In Pursuit of Poetry

Published:
May 20, 2019

by Alec Wood ’19

Steven Duong ’19 began writing poetry seriously as a second-year student at Grinnell. Fast-forward to his senior year, and he is preparing to pursue poetry writing during a year abroad funded by a Thomas J. Watson Fellowship.

In his Watson project called “Freshwater Fish and the Poetry of Containment,” Duong will be traveling across the world, interacting with people working in a variety of fields related to fish. He plans to meet biologists, conservationists, fish breeders, and even fish-fight gamblers in countries as varied as Japan, Thailand, Malawi, Trinidad and Tobago, and China.

Creative Work Leads to Intellectual Discovery

Duong presented a snapshot of the creative work that motivated this project at the 2019 Grinnell Student Research, Scholarship, and Creative Activity Symposium, alongside four other classmates in his fiction seminar, taught by Dean Bakopoulos. Duong, who weaves his own identity into his work, tells the story of a Vietnamese American boy, who pushed by his mother to become an artist, finds his true calling in the art of fish fighting.

Workshopping his story in Bakopoulos’ seminar proved to be an amazing experience. “It was just cool to be exposed to so many different young people who are committed to writing and creating things,” Duong says. “Everyone was critical in the best way.”

Students, including Steven Duong, presenting at research seminar

Faculty Mentors Create Opportunities

Through his creative writing courses and the Writers@Grinnell program, Duong matured as a writer and found himself exposed to many writers across the world, in text and in person. The strict forms he learned about in his Craft of Poetry course with Professor Ralph Savarese helped him develop an economy of language that proved fruitful. “It helped me reach new heights and pushed me to do things I wouldn’t usually do,” he says.

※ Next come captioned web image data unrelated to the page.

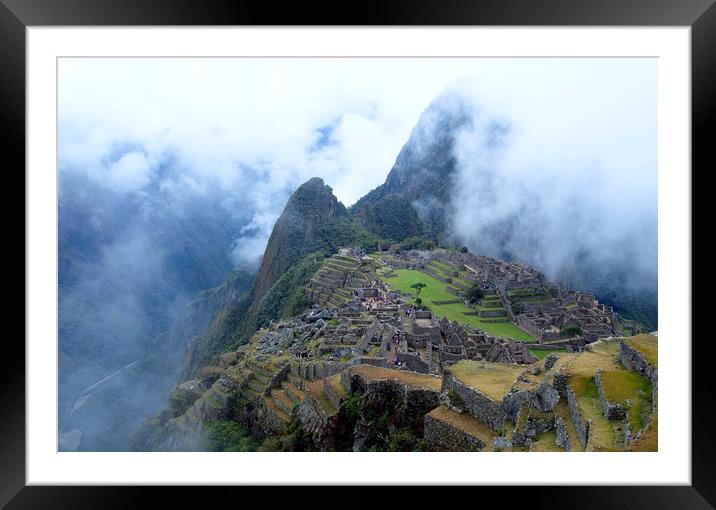 Machu Picchu in the mist Framed Mounted Print by Theo Spanellis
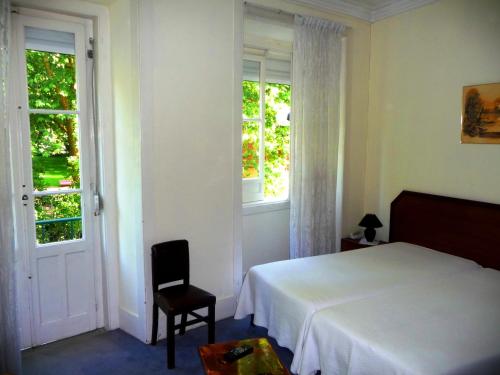 a bedroom with a bed and a chair and windows at D. Carlos Residencial in Caldas da Rainha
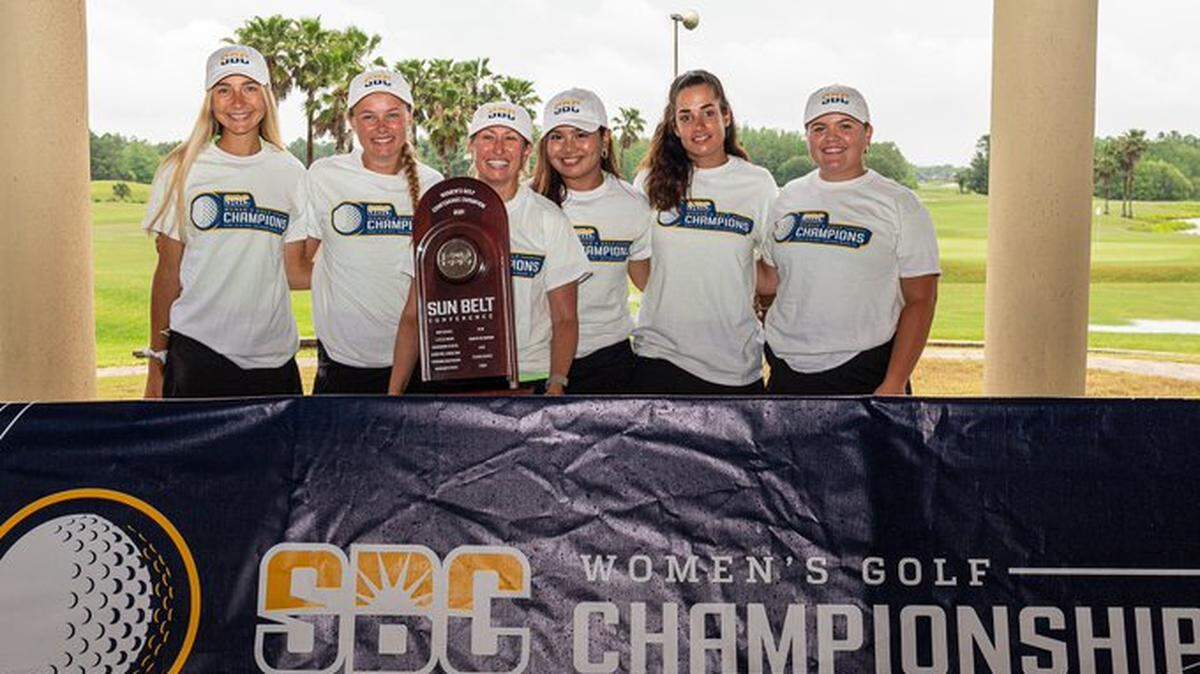 The Coastal Carolina women’s golf team and coach Katie Quinney pose with the Sun Belt Conference championship trophy Tuesday at LPGA International in Daytona Beach, Florida.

Duong continued honing his craft by taking Hai-Dang Phan’s Advanced Poetry Seminar and completing a Mentored Advanced Project in the summer of 2018 with Savarese in which he produced a collection of poems. His work earned him an Academy of American Poets University and College Prize and has been published in Salt Hill, Academy of American Poets, Columbia Poetry Review, Sugar House Review, Pacifica Literary Review, The Penn Review, Rust+Moth, and more.

Duong cited the interdisciplinary education at Grinnell as a pivotal influence in his work. Also an American studies concentrator, he has taken several courses in the sociology department. Professor Sharon Quinsaat’s Sociology of Asian America course offered him the tools to explore his identity in his creative work.

Pursuing His Own Ideas with Confidence

Other coursework in French and art has also expanded his horizons. “You get tidbits of information that stick with you,” he says. “The interdisciplinary nature of Grinnell has given me a lot of resources and room to move.”